## [DATASET SECTION]
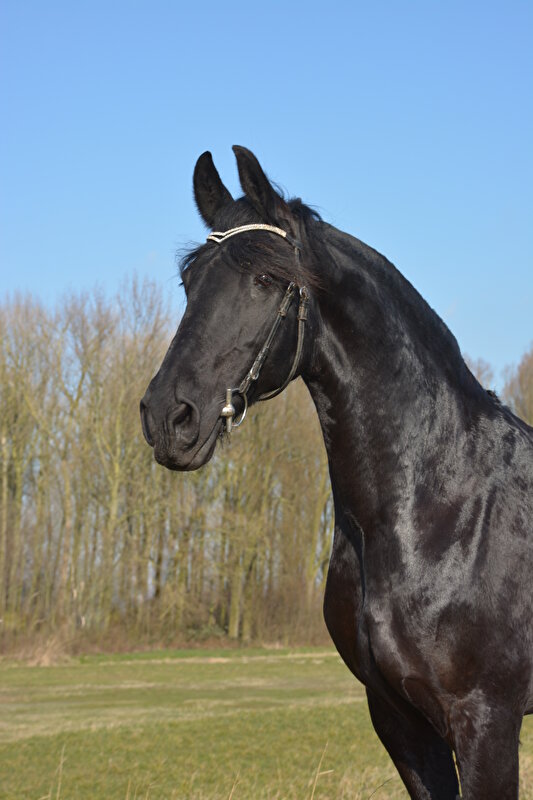 Afbeelding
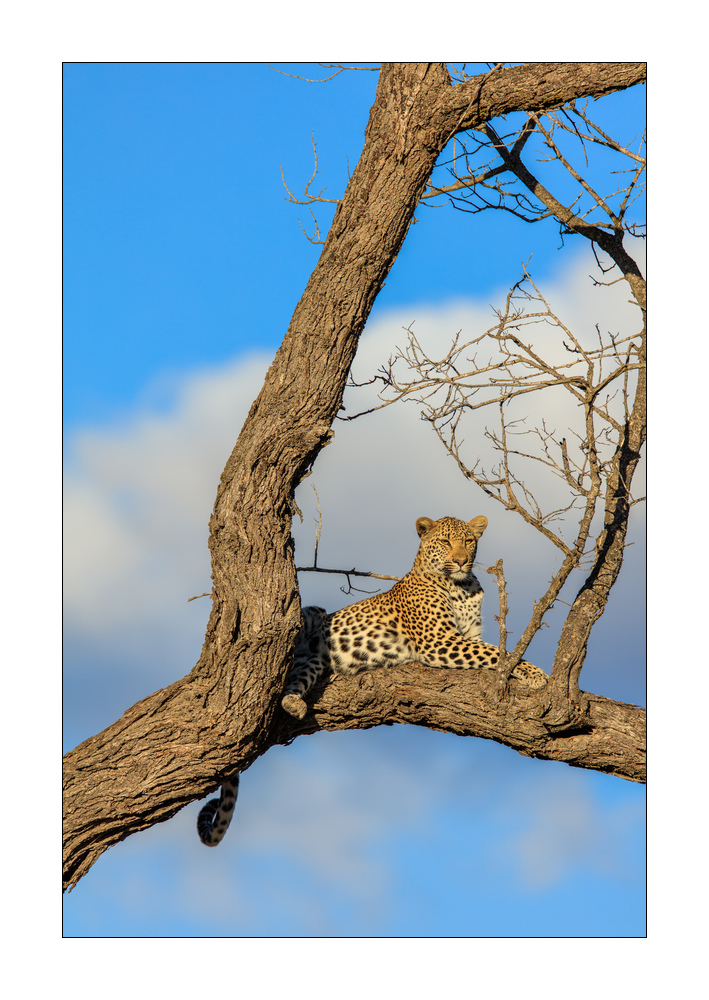 Leopard #5ds01438a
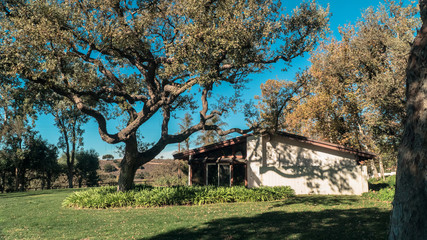 Large Tree Next To House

## [YOUR INSTRUCTIONS]
All of the material above should be written out exactly as given, minus any images.

## [EXPECTED OUTPUT]
 Afbeelding
 Leopard #5ds01438a
 Large Tree Next To House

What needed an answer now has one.